[EM] Why Not Condorcet?
Abd ul-Rahman Lomax
abd at lomaxdesign.com
Mon May 17 08:28:17 PDT 2010
At 10:12 PM 5/16/2010, Dave Ketchum wrote:
>On May 16, 2010, at 6:11 PM, Abd ul-Rahman Lomax wrote:
>>At 02:16 PM 5/16/2010, Dave Ketchum wrote:
>>>On May 16, 2010, at 9:24 AM, Abd ul-Rahman Lomax wrote:
>>>>At 06:34 PM 5/15/2010, Dave Ketchum wrote:
>>>>>>Some objections to Condorcet could be:
>>>>>>1. It is not expressive enough (compared to ratings)
>>>>>Truly less expressive in some ways than ratings.
>>>>> This is balanced by not demanding ratings details.
>>>>> And more expressive by measuring differences between each pair
>>>>>of candidates.
>
>The base topic is Condorcet. It would take a book to respond to all
>your extensions such as IRV. Likewise I see no benefit in adding
>Borda - Range/score is an adequate source for ratings.
Dave, you apparently don't understand a good deal of what you read.
That's okay, take your time.
My point was about your use of "demanding ratings details," which is
not intrinsic to range methods. In particular, I've been pointing
out, Borda is a ranked method that is a Range method, and it becomes
full range if the method simply allows one to equal rank any two (or
more) candidates without disturbing the points given to other candidates.
The most fully expressive ballot is a Range ballot, of course, and
the higher the resolution, the higher the allowed expression.
The simplest way to understand this is through this progression:
Plurality. Vote for one, candidate with the most votes wins.
Approval. Vote for one or more, candidate with the most votes wins.

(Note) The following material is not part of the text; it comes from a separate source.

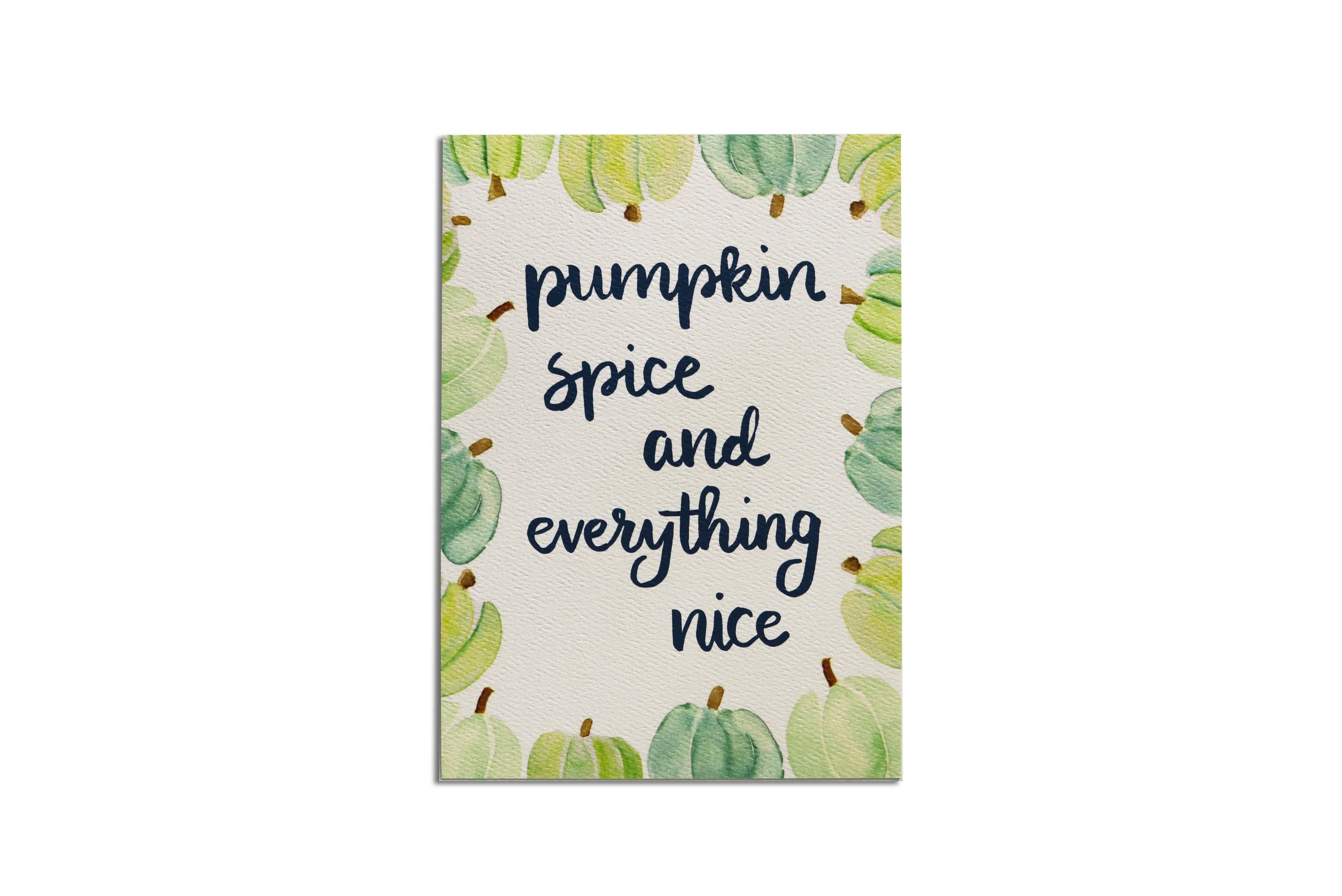 pumpkin-spice-and-everything-nice-fall-autumn-wall-decor-art-print-1.jpg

Range. Vote for one or more, fractional votes allowed, candidate with
the most votes wins.
What distinguishes Range from Ranked methods is the allowance of
fractional votes. However, once it is possible to vote fractions, and
particularly if the resolution (fractional increment) is fine enough,
a Range ballot can fully express ranking, which is a Range ballot
interfaces with a ranked ballot. Borda is a range method that is a
ranked method, and the connection is that the number of unique
ratings is equal to the number of candidates, thus a Borda ballot has
adequate resolution; however, typically, Borda ballots prohibit
assigning the same rating to more than one candidate, and all ratings
are assigned or the vote is diluted. If overvoting and empty ranks
are allowed, Borda is simply Range (N-1), where N is the number of candidates.
> I used care in
>mentioning ranking to avoid complications such as you add - and
>clearly included equal ratings and rankings. Your extensions could be
>useful if they contributed value, but not if they just complicate.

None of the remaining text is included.